So, here we are again with personal investors dazzled by the blinding spotlight of uncertainty. Equity investments seem to be only for the brave, the freakish spurt in the gold market may have exhausted itself alongside the even more impressive price rises in other commodities. Meanwhile back in the dreary world of bank deposits, it is hard to find an interest rate that even matches inflation yet alone yields a real profit.
No wonder attention is turning to the foreign currency market, where cautious investors can be pretty sure to preserve their capital while enjoying the prospect of making some real gains, however modest.

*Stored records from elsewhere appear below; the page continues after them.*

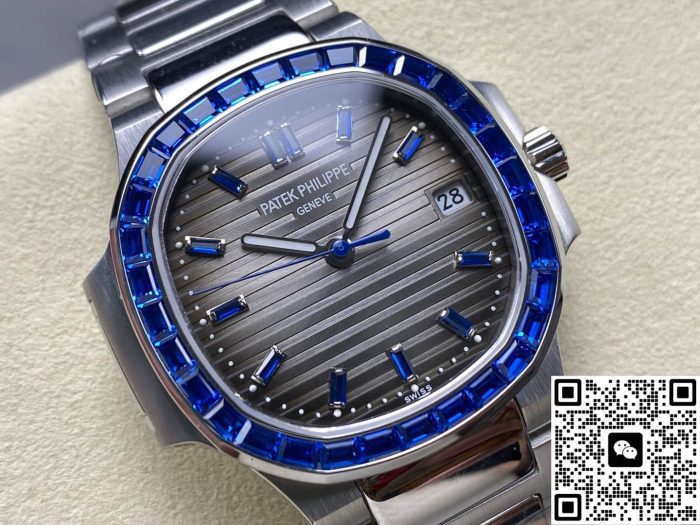 Replica Patek Philippe Nautilus 5711 GR Factory Transparent case back - Image 4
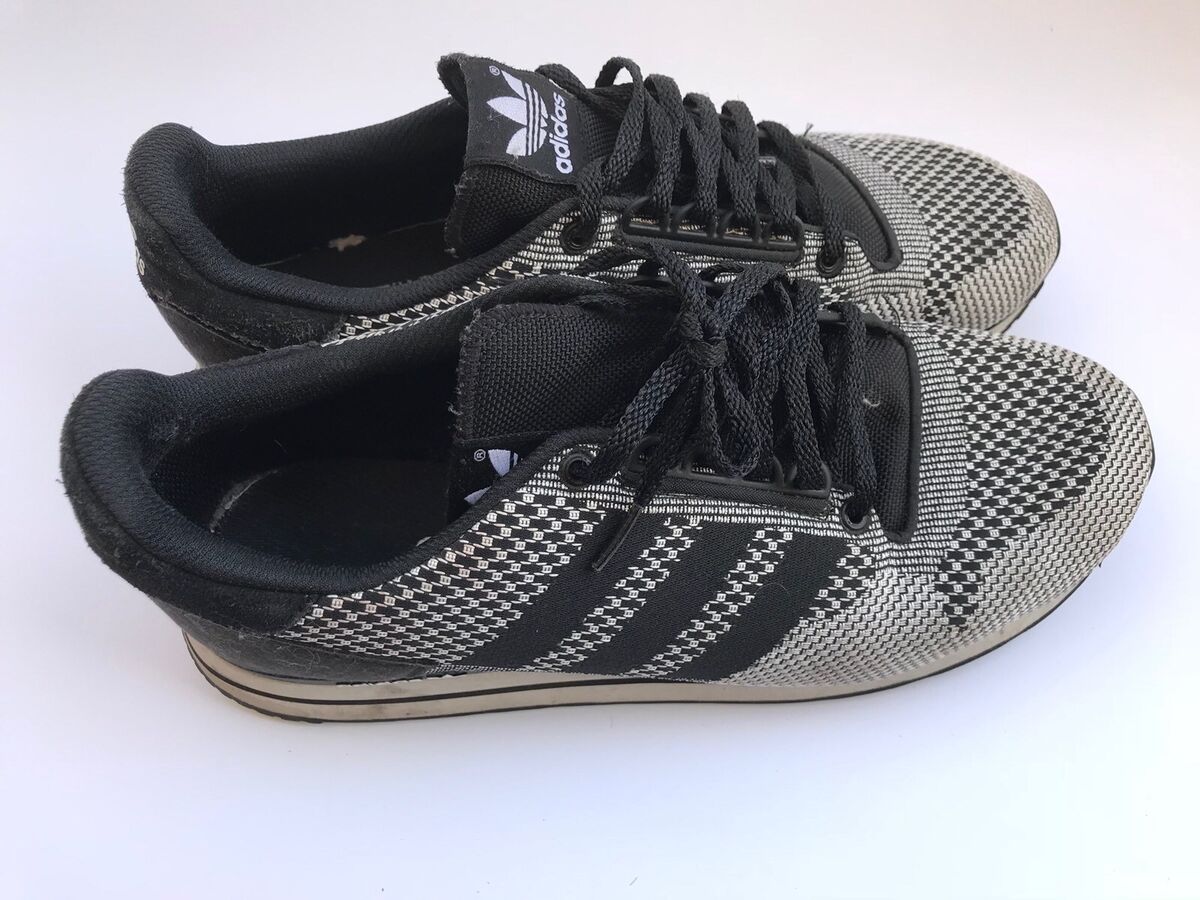 Adidas ZX 500 OG Weave Black Grey US 10 Men's Sneakers Worn Adidas ZX 500 OG Weave Black Grey US 10 Men's Sneakers Worn
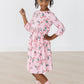 Candy Cane Cutie 3/4 Sleeve Pocket Twirl Dress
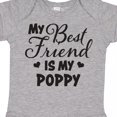 thumbnail image 4 of Inktastic My Best Friend is My Poppy with Hearts Boys or Girls Baby Bodysuit, 4 of 5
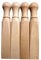 4X Wooden Door Wedge Beech Wood Door Stopper Jammer Pack of 4 Natural BPA and Plastic Free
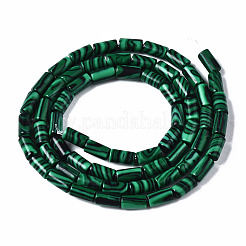 Synthetic Malachite Beads Strands&nbsp;X-G-S366-075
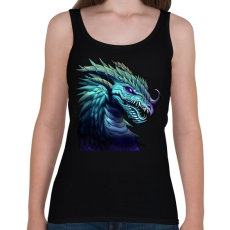 PRINTFASHION sárkány  - Női atléta - Fekete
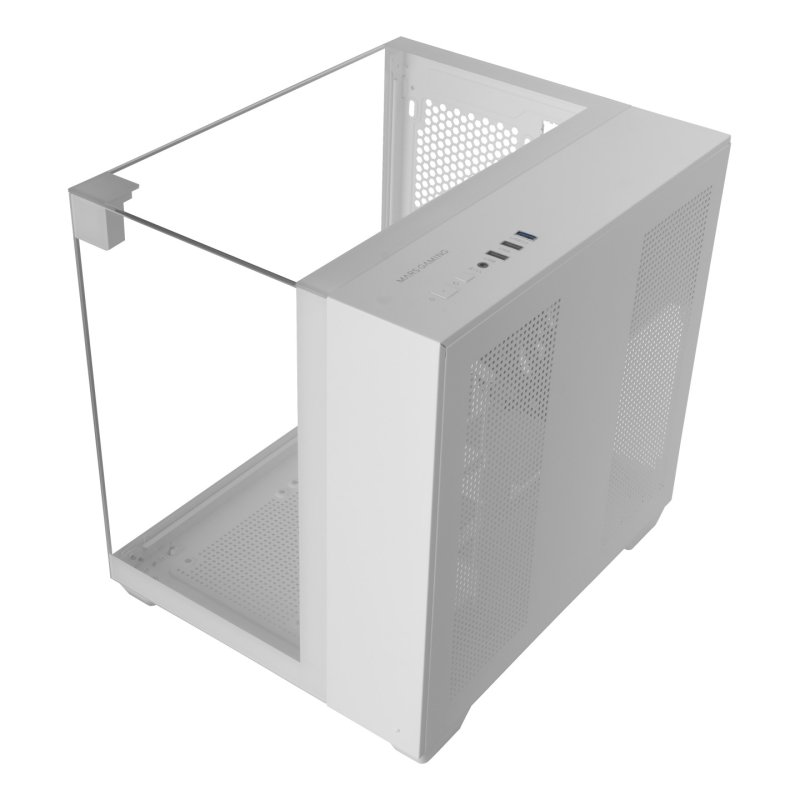 Mars Gaming MC-VISIONMW Mini Tower Blanc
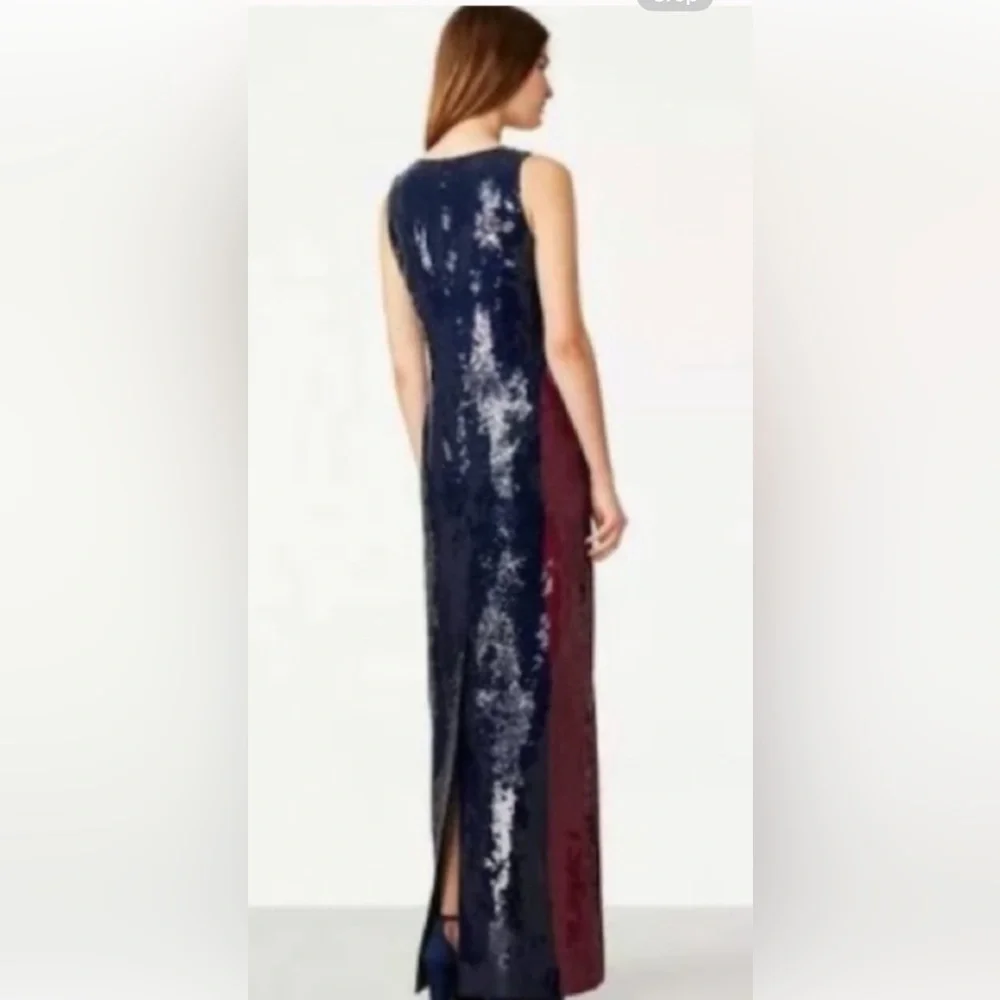 Tory Burch Ophelia Color Block Sequin Dress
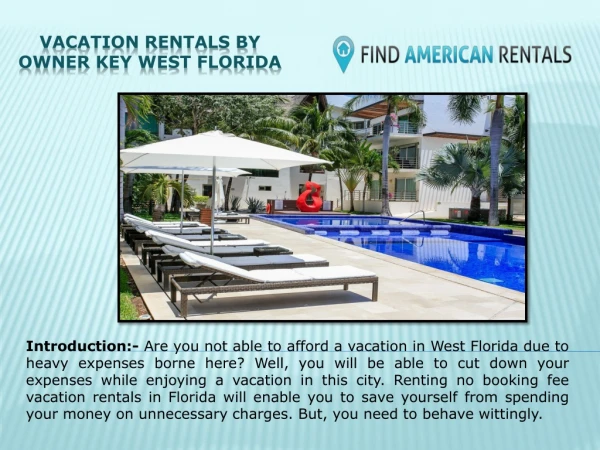 Vacation Rentals by Owner Key West Florida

Governments have been struggling to keep down the value of their currencies as they strive to make their goods and services more competitive in international markets. This has resulted in a scramble to keep interest rates as low as possible but this cannot go on indefinitely; indeed there are signs of a slow emergence from the low-interest era, with China last week again moving to ratchet up the cost of borrowing. The prospect of a change in fiscal policy direction gives investors compelling reasons to pay attention.
Investors in Hong Kong have more pressing reasons than most for looking at foreign currencies because we live in a territory where the government has abrogated its control over the local currency in favour of a fixed link to the US dollar.
There is constant talk of the US currency not only losing its value in comparison with other currencies but of forfeiting its position as the world's major currency. Some views on the fate of the US dollar are both emphatic and extreme. The well known iconoclast investor Marc Faber recently said: 'I no longer regard the US dollar as a valid unit of account.' He may be wrong, but the prudent holder of Hong Kong dollars, which means US dollars, should at the very least be thinking of some diversification.
Although news about foreign exchange trading is generally confined to the back pages of the business press, the forex market is the largest financial market in the world. It is also the world's most liquid and fluid market and trades round the clock. Volumes in this market can amount to a mind-boggling US$2 trillion per day. Hong Kong is a major player in this market and is estimated to be home to the world's fifth-largest forex centre.